### Action item:
Write every entry out again with no changes, and leave the images behind.

════════

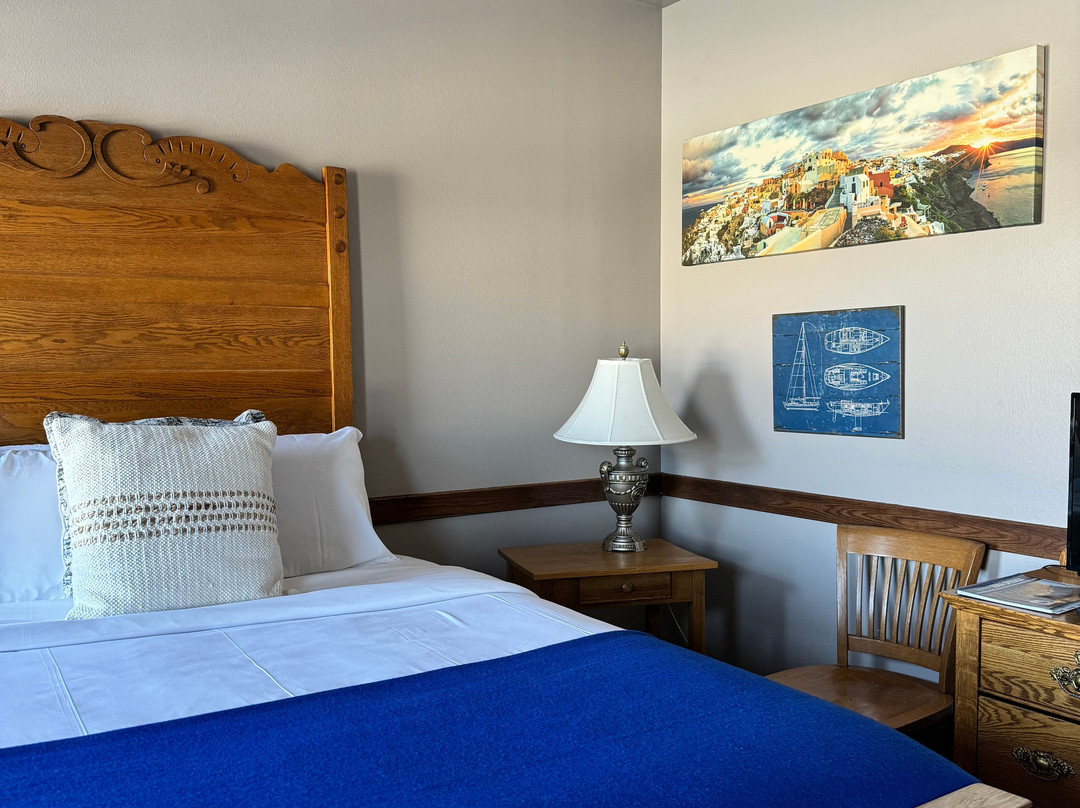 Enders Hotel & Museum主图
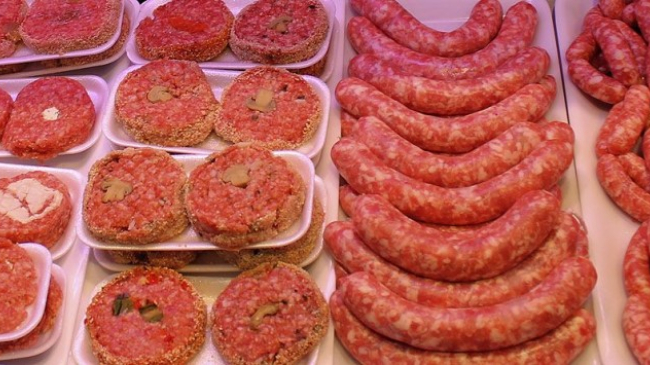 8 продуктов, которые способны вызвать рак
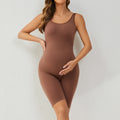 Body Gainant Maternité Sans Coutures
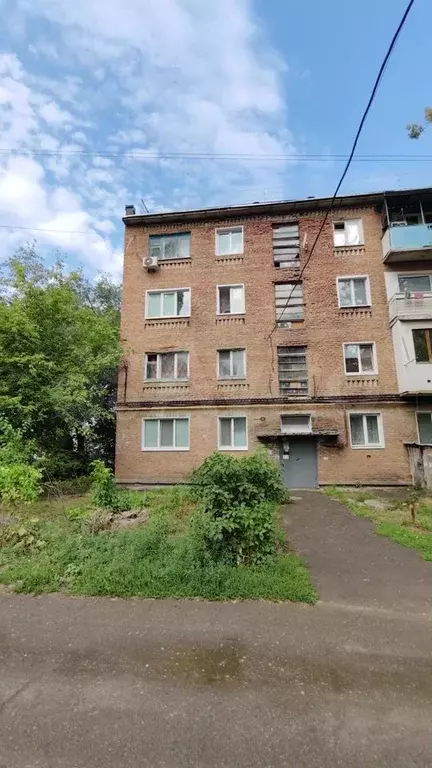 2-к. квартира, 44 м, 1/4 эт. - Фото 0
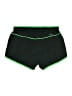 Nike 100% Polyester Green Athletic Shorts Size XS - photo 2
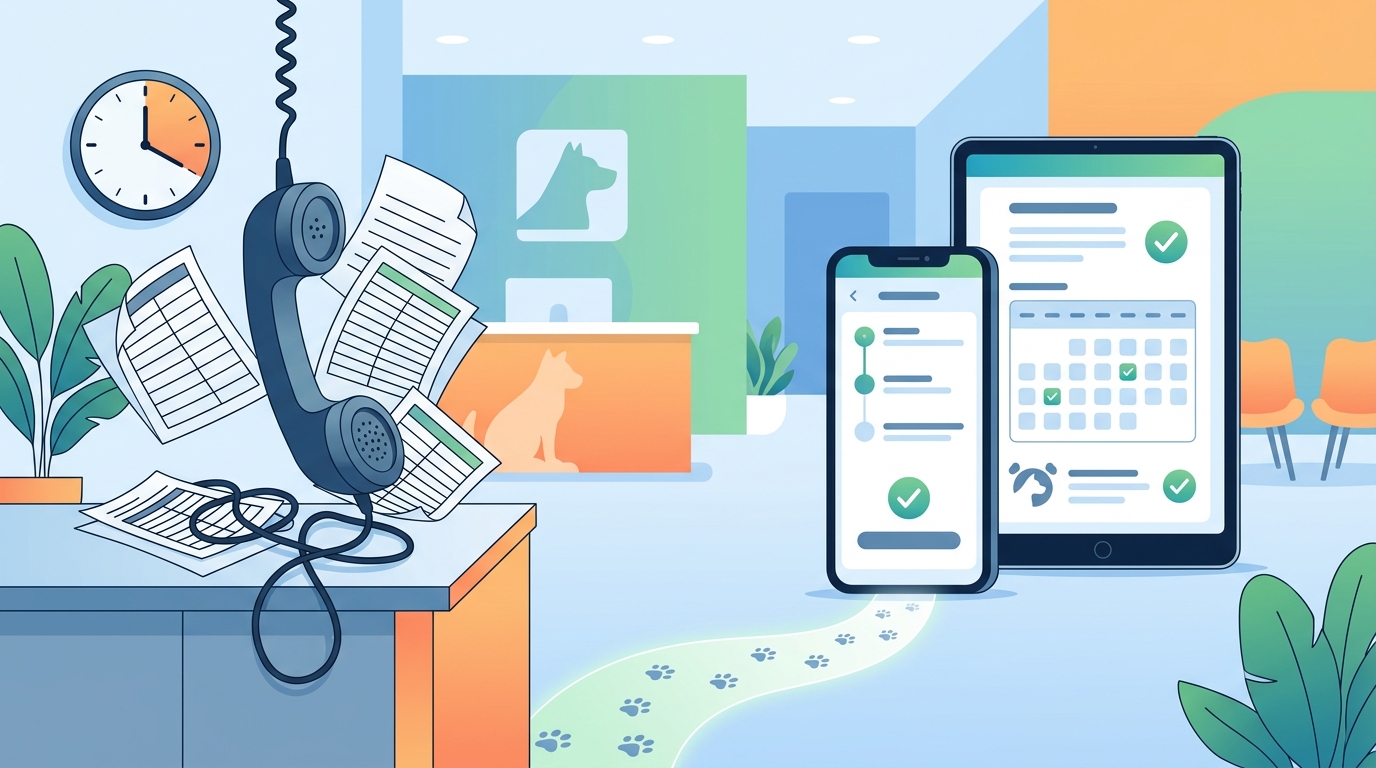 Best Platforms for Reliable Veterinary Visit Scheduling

════════

### Solution:
 Enders Hotel & Museum主图
 8 продуктов, которые способны вызвать рак
 Body Gainant Maternité Sans Coutures
 2-к. квартира, 44 м, 1/4 эт. - Фото 0
 Nike 100% Polyester Green Athletic Shorts Size XS - photo 2
 Best Platforms for Reliable Veterinary Visit Scheduling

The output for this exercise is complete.